得られたシートを85℃の熱トルエン中で圧縮、緩和を繰り返し、繊維中のポリエチレン成分を抽出除去し、繊維集合体中のナイロン繊維を0.003dtexの極細繊維とした。この得られた基体は、極細繊維と高分子弾性体からなる繊維質基体上に、ポリウレタンからなる湿式多孔層である多孔質皮膜の形成された繊維質基体である。得られた基体の単位面積あたりの重さ(目付け)は460g/m、厚さ1.3mm、見掛け密度0.35g/cm、繊維質基材中の高分子弾性体と繊維の比率(R/F)は48%であった。
<長尺シート状物−1の作成>
転写貼り合わせラインにて、ラインスピード7m/minで154cm幅の離型紙(リンテック社製ES160SK)を流し、離型紙上に、レザミンLU−2109HV(ポリウレタン濃度25%、大日精化社製、融点150℃)100部、DMF15部、イソプロピルアルコール15部、および非球状形磁性材料5部(厚さ1μm粒径5〜50μmの板状マイカにコバルト鉄酸化物をコーティングしたもの)を混合した溶液を目付け85g/mで塗布した。塗布液は、濃度20%、膜厚80μmの均一膜厚のコーティング塗布層であった。ここで均一とは、重力により表面が水平になり凹凸を有さないことである。

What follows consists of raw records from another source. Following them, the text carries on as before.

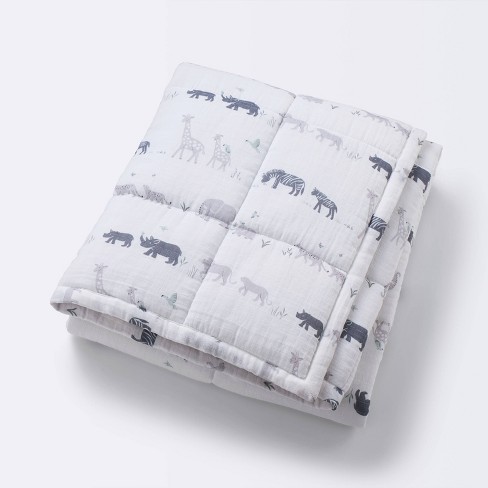 Cloud island sale muslin quilt blanket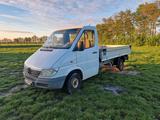 Mercedes-Benz Mercedes pritsche 208cdi sprinter - Mercedes-Benz Sprinter aus 2005: Van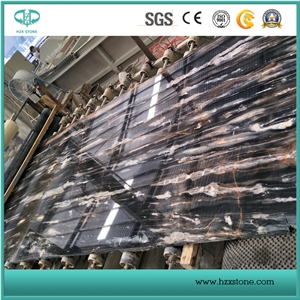 Cosmos Black Marble,China New Black Marble Universal Black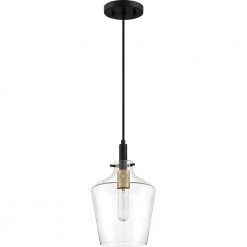 June 1-Light Earth Black Mini Pendant by Quoizel 8 June 1-Light Earth Black Mini Pendant by Quoizel -Quoizel Sales earth black quoizel pendant lights jun1508ek c3 1000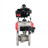 Кран шаровой BV3232P(2pc)-FP-F-ISO-H Ду150 Ру16, 27х27, полнопроходной двухходовой, нержавеющая сталь 316, фланцевый, уплотнение - PTFE, с пневмоприводом PA-SA-210, пневмораспределителем 4M310-08 DC24V и БКВ APL-410N EX в Алматы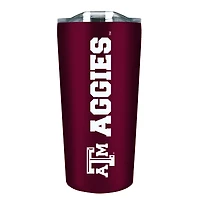 Texas A&M Aggies 18oz. Stainless Soft Touch Tumbler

直後に、塗布した離型紙の裏面にプレート上に隙間無く離型紙幅方向に隙間無く150個並べた1辺1cm角、高さ5mmのネオジム磁石を接触させ、その後、乾燥チャンバーにて、110℃で2分間乾燥して厚さ0.01mmの高分子弾性体を主成分とする表皮層を形成した。
さらにその表皮層の上に接着層として、ポリウレタン系接着剤100部にレザミンNE架橋剤10部、DMF10部、MEK10部の調合液を、目付け130g/mにてコートし、接着層とした。次いで、温度90℃で2分乾燥後、その離型紙上の2種類の高分子弾性体の上に、多孔質皮膜を表面に有する繊維質基体とを重ね合わせ、温度110℃の加熱シリンダー表面上で0.6mmの間隙のロールに通過させ圧着した。その後、温度70℃の雰囲気下で2日間放置した後、離型紙を剥ぎ取り、長尺シート状物−1を得た。

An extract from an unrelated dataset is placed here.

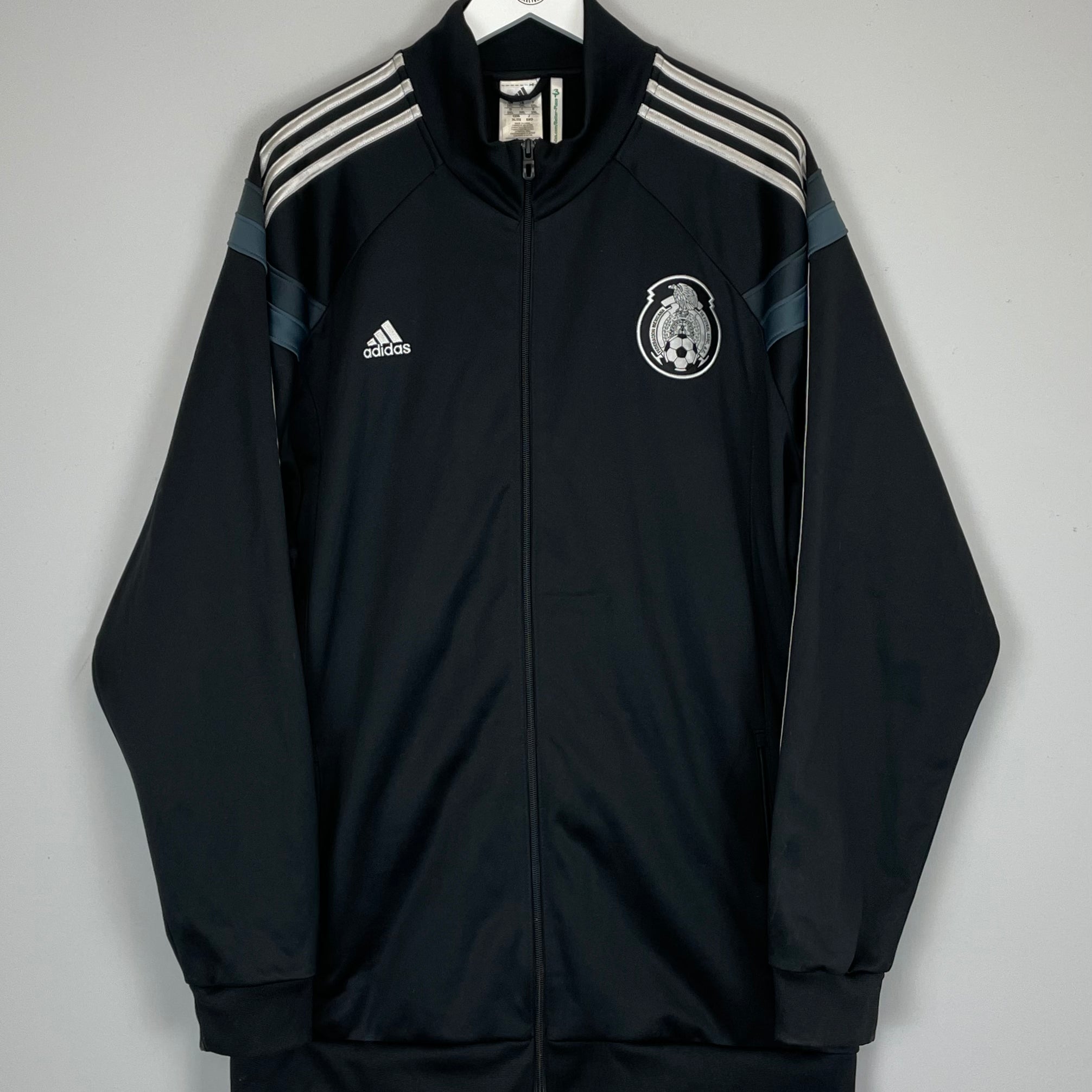 Shop 2014 MEXICO TRACK JACKET (XXXL) ADIDAS, classic football shirts, vintage football shirts & retro soccer jerseys at Cult Kits
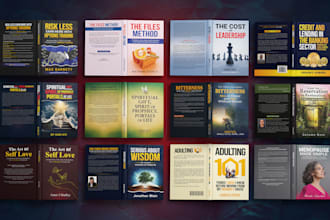 do amazon KDP book cover design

できあがった長尺シート状物は、表面が平滑であるにもかかわらず幅方向に1cmピッチで長さ方向に直線の奥行き感のある立体模様ができており、人工皮革として最適なものであった。電顕写真にて表面状態を確認したところ、1辺1cm角の磁石の接触した部分で、磁石中央部は非球状形磁性材料が直立しており磁石端部分に行くに従って徐々に平行になる様に変化していた。表面剥離強度を測定したところ31.5N/cmであった。耐摩耗性は2100回でありスポーツシューズ用途にも十分に使用できる強度であった。
[実施例2]
<多孔質皮膜層を表面に有しない繊維質基体−2の作成>
実施例1と同様に繊維集合体に10重量%のポリウレタン(大日本インキ化学工業(株)製;クリスボンTF50P、融点180℃)−DMF溶液に浸漬させた後、繊維集合体表面の余分な溶液をかきとり、基材厚さの90%でスクイズするが、その表面にはウレタン溶液をコーティングすることなく、5%のDMFを含んだ水中に浸漬してポリウレタンを凝固させ、DMFを水で十分に洗浄除去した後120℃で乾燥して、多孔質皮膜層を表面に有しない繊維質基体を得た。

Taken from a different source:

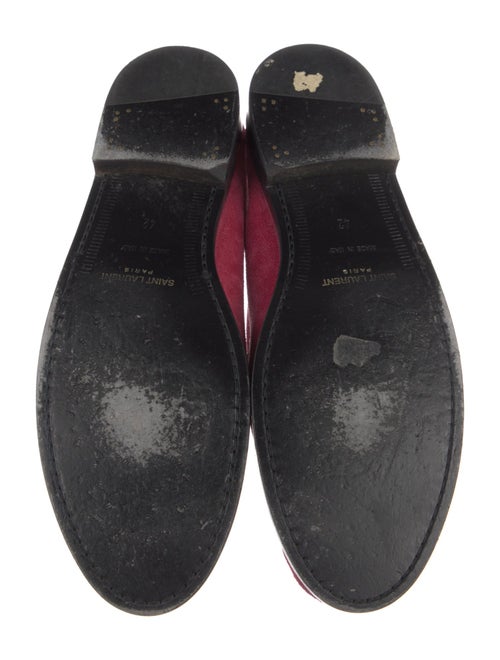 Saint Laurent Suede Loafers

得られたシートを85℃の熱トルエン中で圧縮、緩和を繰り返し、繊維中のポリエチレン成分を抽出除去し、繊維集合体中のナイロン繊維を0.003dtexの極細繊維とした。得られた繊維質基体は、極細繊維と高分子弾性体からなる繊維質基体であり、表面はポリウレタン多孔質層が形成されていない繊維とポリウレタンが混在するものであり、このときの単位面積あたりの重さ(目付け)は300g/m、厚さ1.1mm、見掛け密度0.27g/cm、繊維質基体中の高分子弾性体と繊維の比率(R/F)は33%であった。
<長尺シート状物−2の作成>
実施例1の皮革様シート状物−1の作成方法において、多孔質皮膜を表面に有する繊維質基体を用いる代わりに多孔質皮膜層を表面に有しない繊維質基体−2を用いる以外は実施例1と同様にして、転写貼り合わせラインにて長尺シート状物−2を得た。得られた長尺シート状物(人工皮革)は、幅方向に1cmピッチで長さ方向に直線の奥行き感のある立体模様ができていた。ただし中間層には多孔質皮膜層が無く、長尺シート状物−1と比較すると表面平滑性がやや劣り、立体模様の鮮鋭さが少しぼやけるものであった。また表面剥離強度は2.5kg/cm、耐摩耗性は1050回であった。
[実施例3]
<長尺シート状物−3の作成>
実施例1と同様に多孔質皮膜層を表面に有する繊維質基体−1を作成し、その後、非球状形磁性材料を5部添加する代わりに1部添加した以外は、実施例1と同様に作成して転写貼り合わせラインにて長尺シート状物−3を得た。得られた人工皮革は幅方向に1cmピッチで長さ方向に直線の奥行き感のある立体模様ができていた。ただし、非球状形磁性材料の濃淡差が若干薄く、奥行き感表現については、実施例1よりは劣るものであった。

Claims (7)

  1. ラミネート法により長尺シート状物を製造する方法であって、離型紙上に、非球状磁性顔料を含有し、高分子弾性体の濃度が5〜30重量%である高分子弾性体溶液を乾燥前の塗膜の厚さが20〜130μmとなるように塗布し、ラインスピード3〜15m/minの条件にて裏面方向から磁力を有する物体を作用させることにより、模様を形成し、熱風乾燥により乾燥後の厚さ5〜30μmの表皮層とし、その上に接着層を塗布し、離型紙上の表皮層を繊維質基体と貼り合わせ、最後に離型紙を除去することにより、皮革様の長尺シート状物とすることを特徴とする長尺シート状物の製造方法。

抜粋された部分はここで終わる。